País comprou 5,4 milhões de sacas — o equivalente a 13,4% do total exportado pelo Brasil

Exportação de café: norte-americanos importaram 5,381 milhões de sacas, ou 13,4% do total, com queda de 40% na comparação anual. (Gerado por IA/Freepik)

Exportação de café: norte-americanos importaram 5,381 milhões de sacas, ou 13,4% do total, com queda de 40% na comparação anual. (Gerado por IA/Freepik)

César H. S. Rezende
César H. S. Rezende

Repórter de agro e macroeconomia

Publicado em 19 de janeiro de 2026 às 17h49.

Os Estados Unidos perderam o posto de principal destino do café brasileiro em 2025. No ano passado, o país comprou 5,4 milhões de sacas — o equivalente a 13,4% do total exportado —, uma queda de 34% em relação aos 12 meses de 2024. Com o resultado, os EUA caíram para a segunda posição no ranking de importadores.

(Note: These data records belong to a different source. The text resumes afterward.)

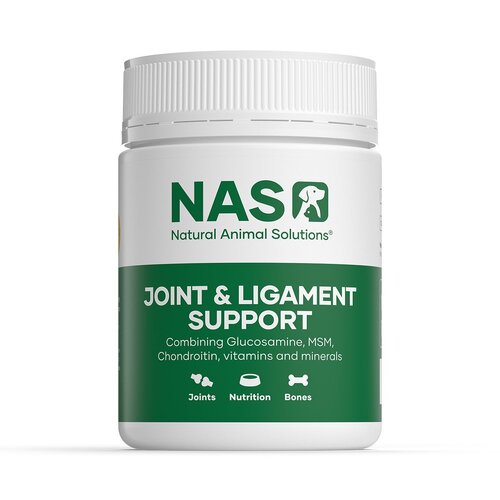 Natural Animal Solutions Joint & Ligament Support for Cats & Dogs 120g main image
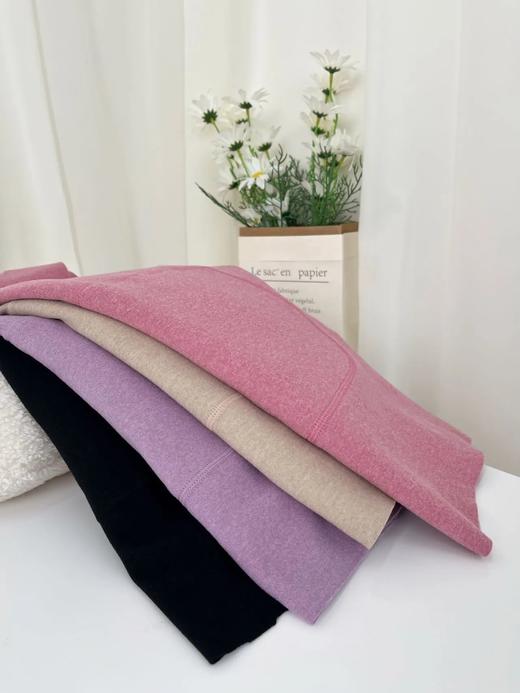 【加绒加厚 抵御严寒】羊毛蚕丝加护背心 （女款W4036/男款W4037） 商品图6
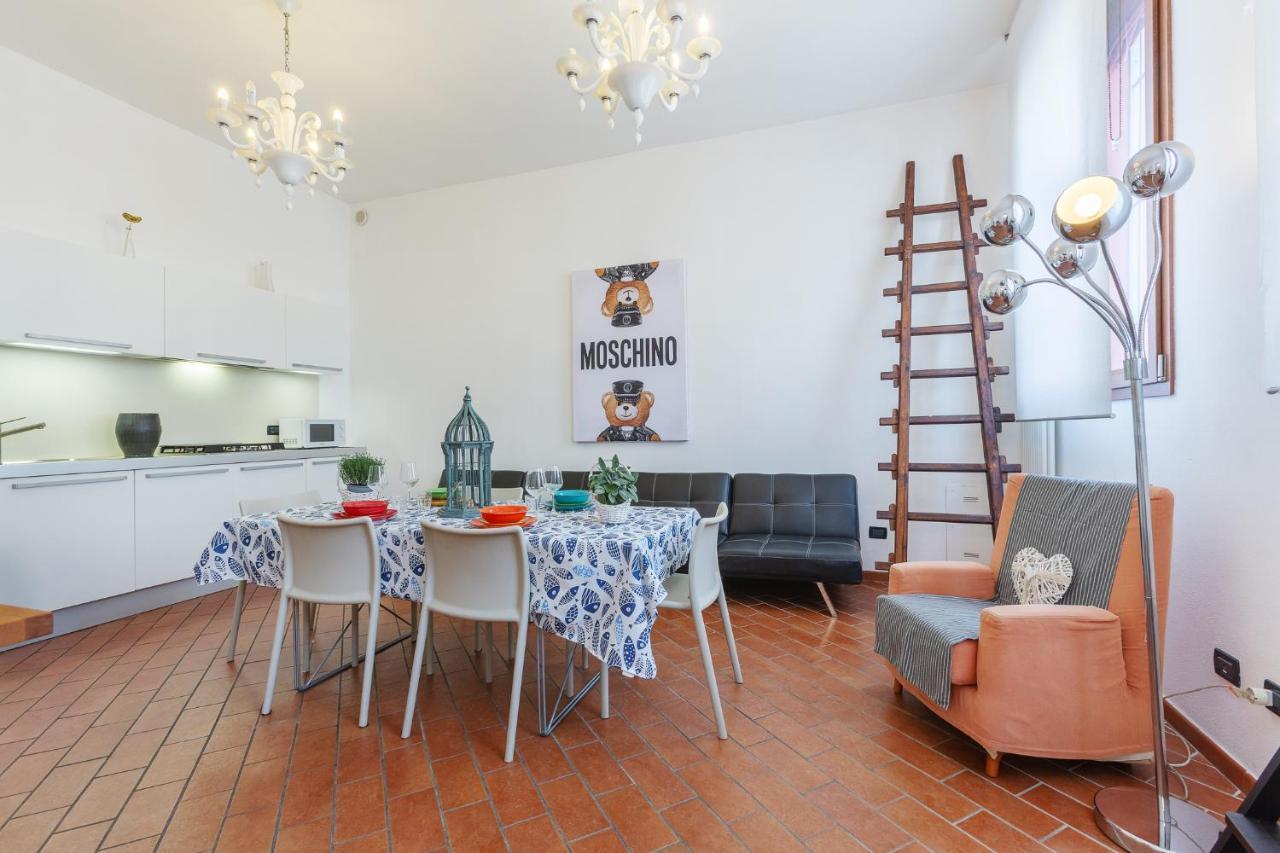 Dimora Tipica Ferrarese Apartment Ngoại thất bức ảnh
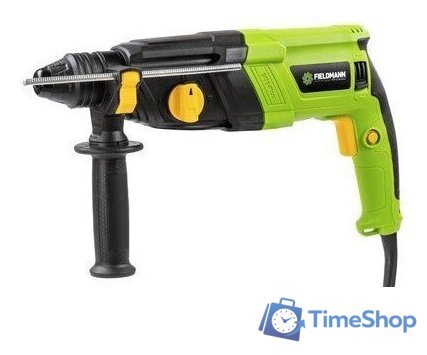 Перфоратор Fieldmann FDV 210850-E (кейс) - Изображение №1 — Интернет-магазин Time-Shop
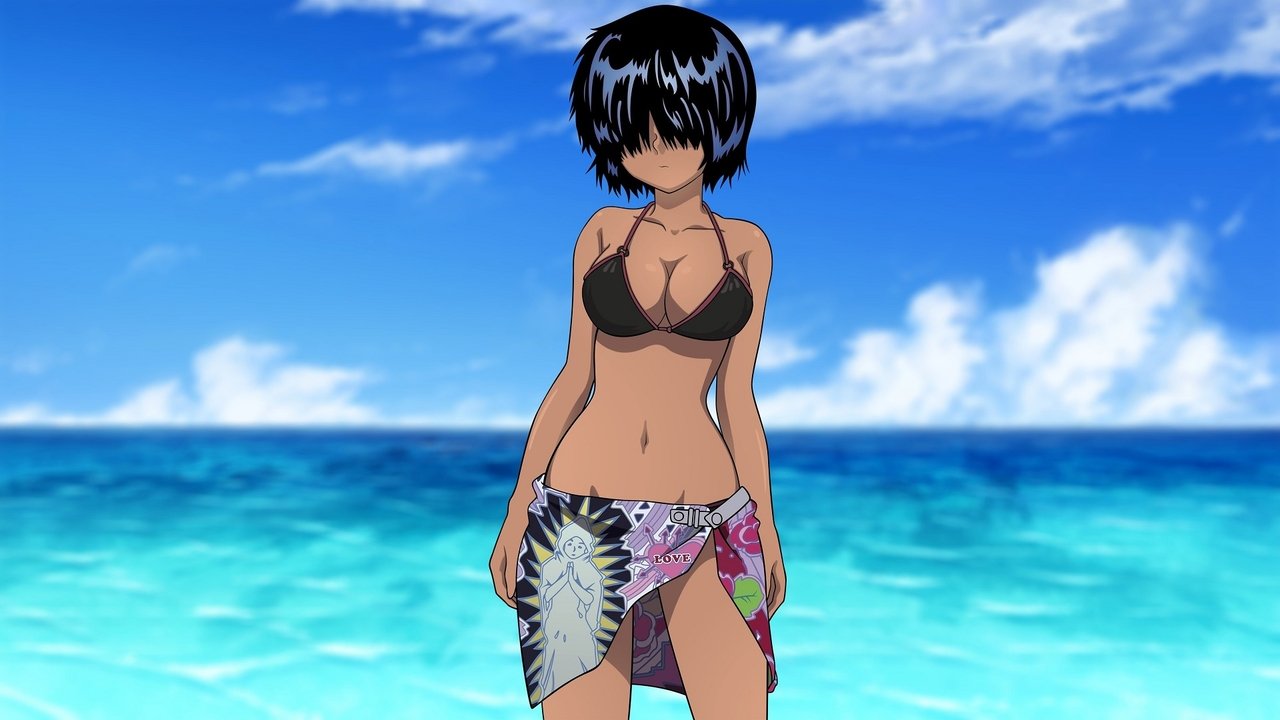 Behind the scenes from Mysterious Girlfriend X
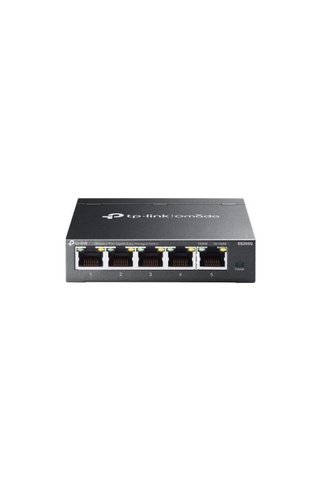 Omada TP-LINK ES205G 5PORT KOLAY YÖNETİLEBLR S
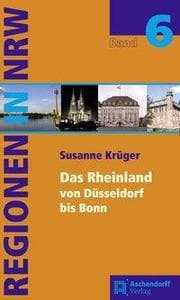 Cover von Das Rheinland von Düsseldorf bis Bonn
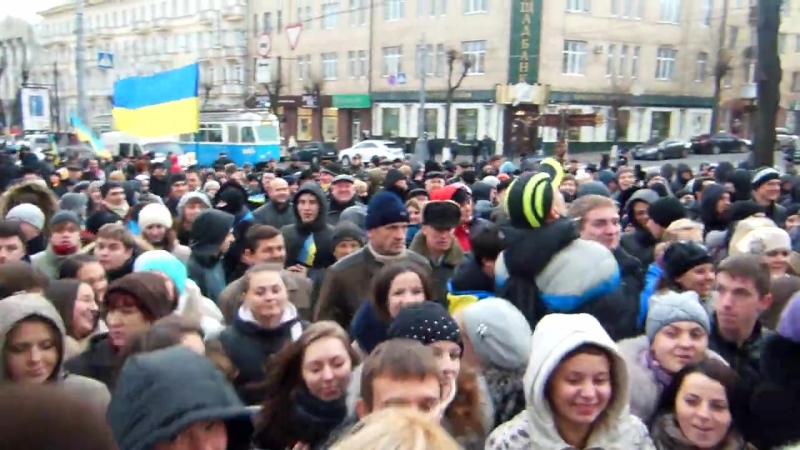 Вінниця хто не скаче той москаль))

A redução nos embarques coincide com a aplicação de tarifas sobre o produto brasileiro pelo presidente dos EUA, Donald Trump, em 2025. Os dados foram divulgados pelo Conselho dos Exportadores de Café (Cecafé) nesta segunda-feira, 19.

"Nos quase quatro meses de vigência do tarifaço sobre todos os tipos de café do Brasil, nossos embarques aos norte-americanos despencaram 55%. Além disso, como a tributação sobre o café solúvel não foi retirada, o declínio nas exportações desse produto para os Estados Unidos continua se acentuando”, disse Márcio Ferreira, presidente da entidade.

Exportação de café em 2025

As exportações de café do Brasil caíram 21% em 2025 na comparação com o ano anterior, somando 40,049 milhões de sacas de 60 kg. Apesar da retração no volume, a receita cresceu 24%, atingindo US$ 15,586 bilhões — o maior valor anual já registrado, segundo o Cecafé.

“Exportamos um volume histórico em 2024, reduzindo o montante de café armazenado no país, e a safra do ano passado foi impactada pelo clima, combinação que culminou na limitação da disponibilidade do produto”, afirmou Ferreira, presidente do Cecafé.

Nos cálculos da entidade, a defasagem na infraestrutura portuária agravou os desafios enfrentados em 2025 e gerou prejuízo de R$ 61,5 milhões.

A Alemanha assumiu a liderança entre os principais destinos do café brasileiro, com a importação de 5,409 milhões de sacas — o equivalente a 13,5% dos embarques totais. O volume, no entanto, representa queda de 28,8% em relação a 2024.

Os Estados Unidos, tradicionalmente na primeira posição, caíram para o segundo lugar. Os norte-americanos importaram 5,381 milhões de sacas, ou 13,4% do total, com queda de 33,9% na comparação anual.

Completam o ranking dos cinco maiores compradores a Itália, com 3,149 milhões de sacas e recuo de 19,6%; o Japão, com 2,647 milhões e alta de 19,4%; e a Bélgica, com 2,321 milhões de sacas e queda de 47%.

Reflexo da menor disponibilidade de café, após as exportações recordes de 2024 e da safra impactada pelo clima no ano seguinte, a maioria dos principais importadores reduziu suas compras no ano passado.